Amarna Miller. Cuerpo y tiempo
1. De la escritura del cuerpo
Ciertos estudios vinculados con la neuroestética intentan demostrar que la visión de la belleza se localiza en ciertas zonas cerebrales. Pero también sabemos que no sólo vemos las películas desde un mecanismo cognitivo emocional cerrado, probablemente ni siquiera únicamente con ese inconsciente que Christian Metz dividía en sus identificaciones fílmicas. Las películas se ven con todo el cuerpo, plantean una cierta fisicidad, modifican nuestro ritmo cardíaco, nos hacen llorar, nos fuerzan a cerrar los ojos. Recuerdo, por poner un ejemplo, la primera vez que vi Anticristo (Antichrist, Lars von Trier, 2009) en una sala de cine. Al terminar la proyección y encenderse las luces de la sala tenía un verdadero malestar físico. Notaba que, de alguna manera, la película había escrito en mi cuerpo, sobre mi cuerpo una serie de mensajes que atravesaban la piel y crecían, casi como si fuera una metástasis, por entre mis huesos.

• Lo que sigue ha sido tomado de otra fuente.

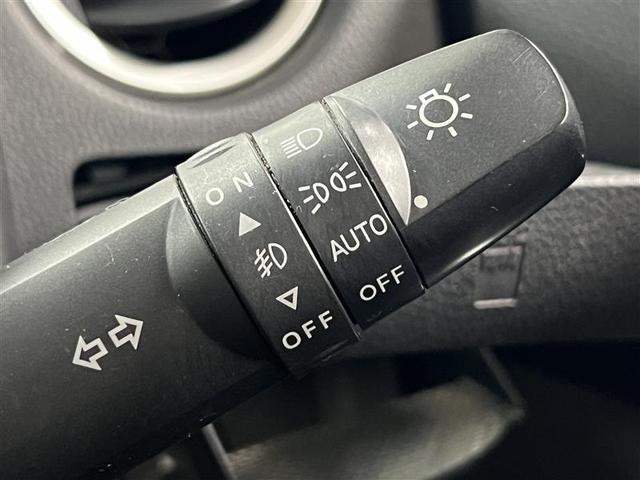 デイズルークス ハイウェイスター X Gパッケージ(10枚目)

Probablemente el juego de las dichosas neuronas espejo tenga mucho que ver en esta dirección. Pero no es la única explicación. El experimento de Heider y Simmel demostró que ante la simple contemplación de imágenes no necesariamente humanas el espectador tiende a buscar una serie de explicaciones basadas en el modelo de acciones, creencias y deseos. Todavía falta mucho camino por recorrer en el encuentro entre cinematografía y pensamiento conductista —y, va por delante, creemos que el psicoanálisis no debería ser exiliado de esta ecuación en nombre de un cierto saber únicamente positivista, no compatible con la hermenéutica de las ciencias del espíritu—, pero de momento podemos señalar, como hipótesis provisional, que hay una experiencia estética que emerge del cuerpo, que dialoga con el inconsciente y con nuestros mecanismos de adaptación neuronales, y que finalmente, se atraviesa con el texto fílmico.
La belleza activa, por lo tanto, ciertos registros neuronales, si bien todavía queda por despejar cómo la belleza, más allá de Kant, tiene siempre un cierto componente subjetivo. Con todos nuestros respetos al genio de Königsberg, se nos permitirá que neguemos desde ya el componente falsamente desinteresado de su estética y retomemos la furia de ese Nietzsche que en la Genealogía de la moral afirmó: “Aquellos críticos de la estética que, siguiendo a Kant, piensan que podemos mirar desinteresadamente la estatua de una mujer desnuda deben de permitirnos, por lo menos, que nos riamos un poco a su costa”. Luego, aceptando la subjetividad del encuentro con la belleza, probablemente se pueda hablar de una cierta inteligencia del cuerpo que pueda estremecerse en, pongamos por caso, un plano secuencia de Andrei Tarkovski, una pieza experimental de Bill Viola o uno de los planos en los que Amarna Miller simplemente, mira a cámara y sonríe.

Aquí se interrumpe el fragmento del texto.